Moon & Moon: “Act II: Hands of a Man”
[audio:https://alarm-magazine.com/wp-content/uploads/2011/05/Moon_and_Moon_Act_Two.mp3|titles=Moon & Moon: “Act II: Hands of a Man”]“I want to trick people into coming to a regular show and then be like, ‘Ahhh! You’re at a musical! Oh, shit. You’re fucked now,’” William Lemon III explains when describing his ultimate vision for his band, Moon & Moon. “I’ve always been into the idea of musical theater. It encompasses so many things.”
“If someone gave me a million dollars [for a production],” Lemon continues, “I would have hors d’oeuvres, I would have smell-o-vision, I would have projections in the background, I would have moving backdrops, and I would have dancers that would go and — depending on the song — caress or slap the audience on the ass, or feed them, or goose them, or some shit to get people completely immersed in every single sense.

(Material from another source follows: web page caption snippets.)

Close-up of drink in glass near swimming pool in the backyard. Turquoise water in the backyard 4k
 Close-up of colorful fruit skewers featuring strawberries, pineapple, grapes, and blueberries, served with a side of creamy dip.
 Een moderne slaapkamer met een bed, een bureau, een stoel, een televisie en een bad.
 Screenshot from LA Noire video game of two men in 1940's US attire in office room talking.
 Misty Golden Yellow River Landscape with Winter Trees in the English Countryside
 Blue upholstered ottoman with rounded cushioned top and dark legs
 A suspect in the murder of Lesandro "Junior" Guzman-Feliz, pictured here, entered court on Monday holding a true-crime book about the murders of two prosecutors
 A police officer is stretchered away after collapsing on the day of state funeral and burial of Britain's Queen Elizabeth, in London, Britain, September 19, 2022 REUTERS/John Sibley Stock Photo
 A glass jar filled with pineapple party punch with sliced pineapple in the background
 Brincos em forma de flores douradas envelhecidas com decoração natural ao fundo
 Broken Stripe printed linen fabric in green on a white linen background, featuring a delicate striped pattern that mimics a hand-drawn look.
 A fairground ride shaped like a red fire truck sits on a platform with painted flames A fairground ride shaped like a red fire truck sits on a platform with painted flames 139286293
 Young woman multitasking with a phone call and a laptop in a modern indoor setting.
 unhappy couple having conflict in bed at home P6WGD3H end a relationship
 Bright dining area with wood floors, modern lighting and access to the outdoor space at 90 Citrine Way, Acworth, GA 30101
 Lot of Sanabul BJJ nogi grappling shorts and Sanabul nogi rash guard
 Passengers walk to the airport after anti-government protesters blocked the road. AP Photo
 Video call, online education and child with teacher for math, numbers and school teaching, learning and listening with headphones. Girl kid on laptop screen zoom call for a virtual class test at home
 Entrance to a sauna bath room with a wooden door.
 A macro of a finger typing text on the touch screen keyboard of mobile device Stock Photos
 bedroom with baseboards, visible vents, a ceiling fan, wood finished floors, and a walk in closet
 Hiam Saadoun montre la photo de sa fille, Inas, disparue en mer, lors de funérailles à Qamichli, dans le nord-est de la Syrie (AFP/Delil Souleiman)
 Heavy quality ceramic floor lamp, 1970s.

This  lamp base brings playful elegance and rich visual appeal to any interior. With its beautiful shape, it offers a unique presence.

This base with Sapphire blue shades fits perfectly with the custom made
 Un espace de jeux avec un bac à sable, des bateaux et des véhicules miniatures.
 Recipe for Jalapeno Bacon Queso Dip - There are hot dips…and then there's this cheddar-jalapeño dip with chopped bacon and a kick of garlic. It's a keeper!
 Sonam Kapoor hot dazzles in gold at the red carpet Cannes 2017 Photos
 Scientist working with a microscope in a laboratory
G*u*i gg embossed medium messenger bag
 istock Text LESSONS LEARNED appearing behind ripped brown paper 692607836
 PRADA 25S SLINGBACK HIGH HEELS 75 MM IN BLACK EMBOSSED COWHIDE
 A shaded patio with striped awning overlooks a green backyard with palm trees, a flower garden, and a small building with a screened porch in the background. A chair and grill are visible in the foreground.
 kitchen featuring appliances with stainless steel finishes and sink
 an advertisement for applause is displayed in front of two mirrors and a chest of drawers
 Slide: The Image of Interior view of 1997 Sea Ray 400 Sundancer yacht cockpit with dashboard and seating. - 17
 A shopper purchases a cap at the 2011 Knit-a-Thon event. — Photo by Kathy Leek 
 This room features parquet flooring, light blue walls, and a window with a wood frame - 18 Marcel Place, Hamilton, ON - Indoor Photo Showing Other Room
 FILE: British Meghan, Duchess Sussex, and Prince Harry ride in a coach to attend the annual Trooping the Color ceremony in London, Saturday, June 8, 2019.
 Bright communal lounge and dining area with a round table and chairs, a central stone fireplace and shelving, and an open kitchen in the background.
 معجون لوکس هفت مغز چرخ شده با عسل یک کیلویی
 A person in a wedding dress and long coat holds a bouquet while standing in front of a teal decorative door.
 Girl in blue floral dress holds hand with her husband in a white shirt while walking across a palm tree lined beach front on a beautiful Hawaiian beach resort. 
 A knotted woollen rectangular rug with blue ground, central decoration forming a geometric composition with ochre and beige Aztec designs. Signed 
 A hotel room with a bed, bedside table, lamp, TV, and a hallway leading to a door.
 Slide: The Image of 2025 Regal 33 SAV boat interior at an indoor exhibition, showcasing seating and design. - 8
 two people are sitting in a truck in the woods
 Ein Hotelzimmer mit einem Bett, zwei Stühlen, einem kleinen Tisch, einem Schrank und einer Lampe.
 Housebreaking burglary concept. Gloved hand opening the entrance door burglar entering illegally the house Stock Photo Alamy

Eventually, it will happen. I have faith that it will happen.”
Lemon is the driving force behind the theatrical rock of Moon & Moon as well as the group’s only official permanent member. Including pianist Lou Rogai (Lewis & Clarke), drummer Stephen Kurtz, bassist Jay Hudak (An Albatross), vocalist Stephonik Youth, and percussionist Edward Klinger, a circle of friends and collaborators appear on Moon & Moon’s debut album, VII Acts of an Iron King, and assemble for live shows. That’s not to say that the other musicians are hired guns or one-offs. In fact, plans are already in motion for a second album.
Lemon’s faith is the crux of the album. “The record is more or less a religious exorcism of beliefs that were holding me back,” he says. “The archetypes that I was doing battle with, with my religious upbringing, are archetypes that everybody can see in every single human conflict. There were these characters inside of me, fighting with myself and creating this anxiety. I got to name them and then describe their imperfections and why they were fighting.”
“I want to trick people into coming to a regular show and then be like, ‘Ahhh! You’re at a musical! Oh, shit. You’re fucked now.’”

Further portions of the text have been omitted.